▶ [Provided data]:

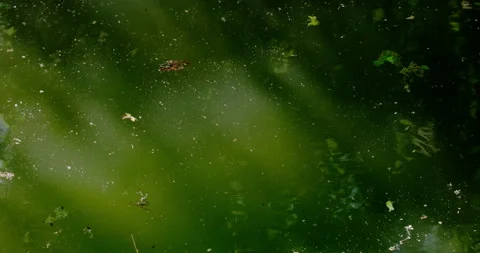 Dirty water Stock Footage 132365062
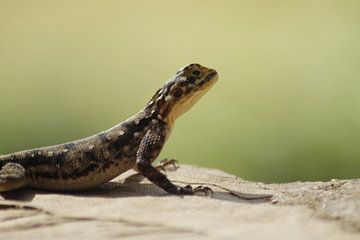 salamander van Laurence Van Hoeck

--

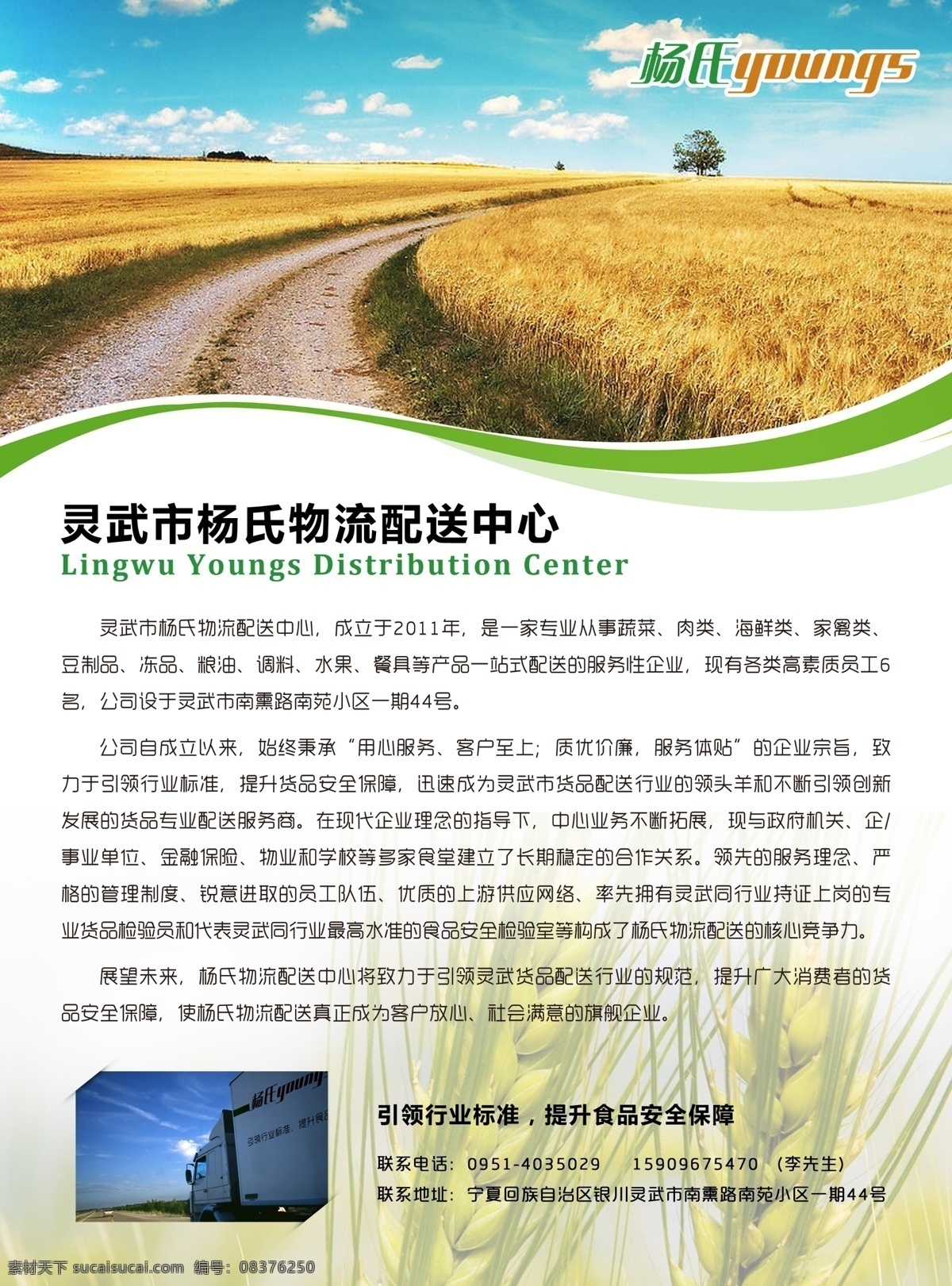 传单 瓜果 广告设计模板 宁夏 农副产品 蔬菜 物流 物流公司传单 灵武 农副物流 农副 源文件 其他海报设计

...

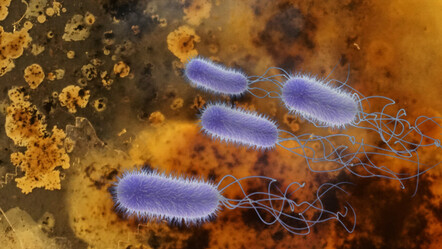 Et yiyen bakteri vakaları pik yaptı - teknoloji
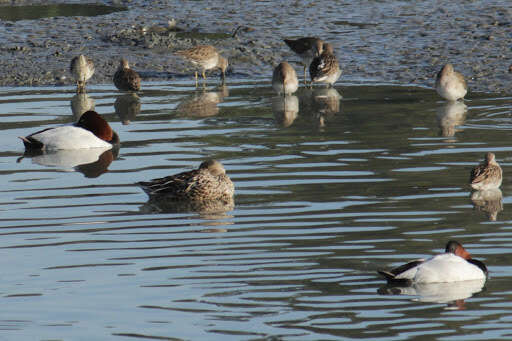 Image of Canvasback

▶ [What to produce]:
Go back to the listing above and write out the lines starting at the one with "Et yiyen bakteri" and ending at the one with "Image of Canvasback", inclusive, exactly and without pictures.

▶ [Task solution]:
 Et yiyen bakteri vakaları pik yaptı - teknoloji
 Image of Canvasback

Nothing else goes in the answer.